Volume 1 was released in November 2020 and included detailed migration maps for mule deer, elk, antelope, moose and bison across Arizona, Idaho, Nevada, Utah and Wyoming.
Both volumes will give state and tribal wildlife agencies a way to identify key migration corridors that have been hindered by oil and gas development and other residential and recreational encroachment. It will allow agencies to determine where to build road underpasses and overpasses to limit wildlife-vehicle collisions, target where it’s essential to remove old, impassible fencing, and protect critical agricultural lands from development.
“The big-game corridor mapping program is strongly supported by western fish and wildlife agencies and serves as a model of how empirical science facilitates collaborative, landscape-level conservation efforts through state and federal cooperation,” said Zachary Lowe, executive director of the Western Association of Fish and Wildlife Agencies. “I am hard-pressed to think of many other successful landscape conservation efforts that have garnered such broad support from these diverse stakeholders so quickly.”
New for Volume 2 is a new series of maps that maps two mule deer herds that migrate across the Wind River Indian Reservation in Wyoming, which is managed by the Eastern Shoshone and Northern Arapaho Department of Fish and Game.

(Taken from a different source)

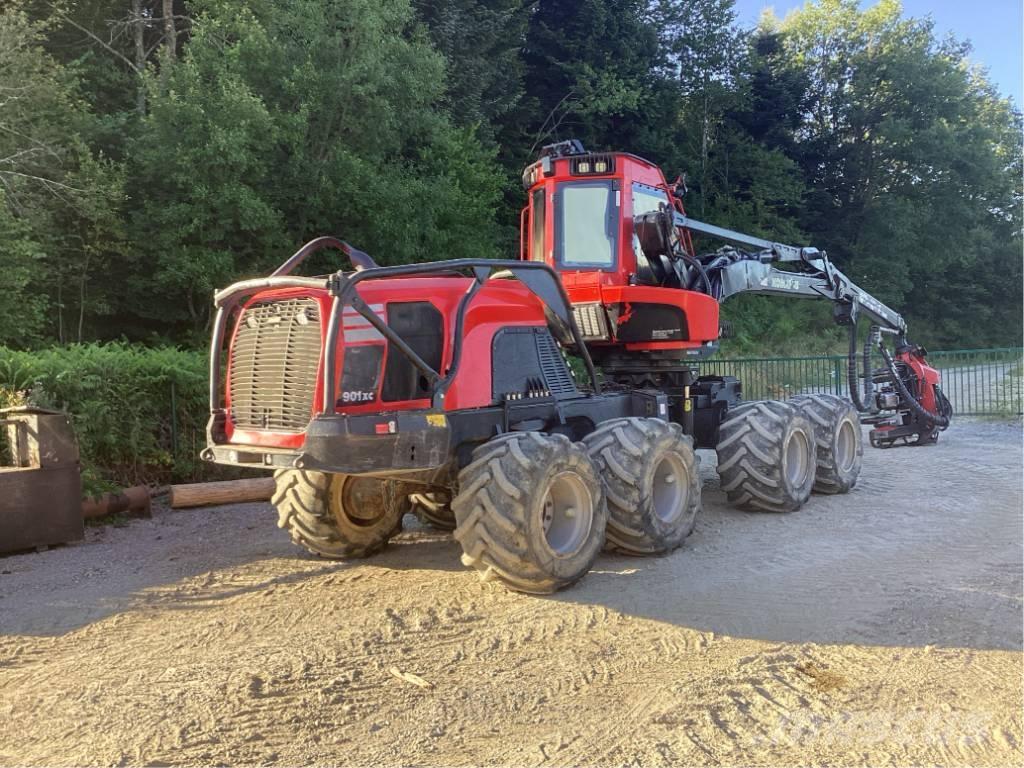 Komatsu 901 XC Biçerdöverler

Other highlights include migrations that cross state boundaries like the Sheldon-Hart Mountain antelope and the Paunsaugunt mule deer that migrate between Utah and Arizona, according to the press release.
“This migration research comes at a pivotal time as we tackle the threats of nature loss and climate change,” said Jamie Williams, president of The Wilderness Society. “We commend the Department of the Interior for its commitment to strong collaboration with state and tribal wildlife agencies. This report makes the science clear and, with these maps in hand, local communities can work with state and federal land managers to sustain the vital habitats these herds require to move and thrive across the West.”
Also new for this volume is an interactive component that allows you to check out the maps in real time.